La rédaction finale est plus fidèle à l’esprit de la directive et nous saluons cette avancée.

Nous nous réjouissons également que la commission mixte paritaire soit parvenue à un accord sur la rédaction de l’article 2 relatif aux droits voisins. Le Sénat a supprimé une mention non conforme à la directive, incluant les recettes issues de la location des oeuvres dans l’assiette de la rémunération annuelle supplémentaire des artistes-interprètes et ouvert la possibilité pour les sociétés de perception et de répartition des droits agissant pour le compte des artistes-interprètes de demander au producteur l’état des recettes provenant de l’exploitation du phonogramme, confortant ainsi les droits des artistes-interprètes.

Cette rédaction, que la commission mixte paritaire a retenue, est donc conforme à l’esprit de nos travaux.

En outre, ce projet de loi vise à permettre la numérisation et la mise à disposition du public des oeuvres considérées comme orphelines, objectif qui s’inscrit dans le cadre de la stratégie numérique pour l’Europe de la Commission européenne, laquelle vise à rendre plus accessibles les oeuvres littéraires et artistiques au nom de la nécessité de promouvoir la libre circulation des connaissances et des innovations dans le marché intérieur.

Il est heureux que ce projet de loi, dans sa version issue de la commission mixte paritaire, instaure un équilibre satisfaisant entre la sécurité juridique des autorisations d’exploitation d’oeuvres orphelines ou partiellement orphelines et le droit de la propriété littéraire et artistique qui ne doit pas être fragilisé. Cet équilibre permettra, nous n’en doutons pas, de faciliter l’accès à la culture du plus grand nombre.

Enfin, ce texte garantit la restitution au profit d’un autre État membre de tout bien culturel considéré comme un trésor national de valeur artistique, historique ou archéologique, ayant quitté illicitement son territoire après le 1er janvier 1993.

Il s’agit de lutter plus efficacement contre le trafic international de biens culturels et d’assurer une protection juridique à l’ensemble du patrimoine culturel mobilier que la France tient à protéger.
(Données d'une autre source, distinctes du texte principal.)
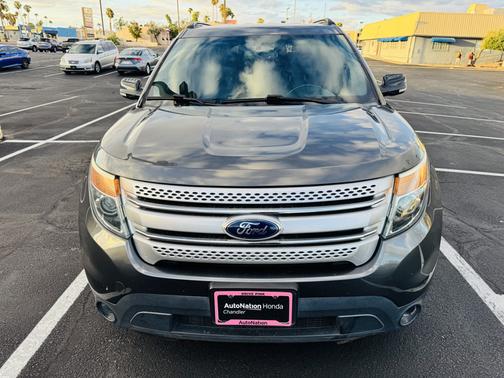 Gray 2015 Ford Explorer XLT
Les modifications apportées aux dispositions en vigueur reposent sur quatre principes essentiels : l’élargissement de la portée du dispositif de protection à tous les biens culturels reconnus trésors nationaux, au sens de l’article 36 du traité sur le fonctionnement de l’Union européenne, l’allongement de deux à six mois du délai permettant aux autorités de l’État membre requérant de vérifier la nature du bien culturel trouvé dans un autre État membre, l’extension de un à trois ans du délai permettant l’exercice de l’action en restitution et la clarification du point de départ de ce délai, enfin la précision que la charge de la preuve de l’exercice de la diligence requise repose sur le possesseur.

Protection de la création, accès à la culture dans le respect des droits d’auteur, défense des patrimoines nationaux, tels sont les trois piliers de ce projet de loi.

Soulignons par ailleurs que ce texte est examiné dans un cadre particulièrement contraint. En premier lieu, l’adaptation au droit européen implique une retranscription fidèle et précise de dispositions que le législateur national ne peut pas modifier substantiellement.

Par ailleurs, la procédure d’adaptation de notre droit interne au droit européen impose au législateur national de répondre à des délais précis.

Le retard pris dans la transposition de la directive 201177UE, qui devait l’être au plus tard le 1ernovembre 2013, place la France sous la menace du déclenchement par la Commission européenne d’une procédure d’infraction et par conséquent, sous la menace d’une amende. Nous regrettons, collectivement d’ailleurs, que le dépôt de ce projet de loi de transposition intervienne si tardivement, ce qui nous contraint à examiner en urgence des dispositions très complexes.

Ce retard a des conséquences en matière de sécurité juridique puisque certaines mesures seront rétroactives pour la période courant entre le 1ernovembre 2013 et la date de la promulgation de la loi. Ce n’est pas une manière satisfaisante de légiférer et nous tenions à le souligner.

Néanmoins, les avancées permises par ce projet de loi et l’esprit de responsabilité qui doit prévaloir pour transposer en urgence trois directives européennes conduiront notre groupe à voter ce texte.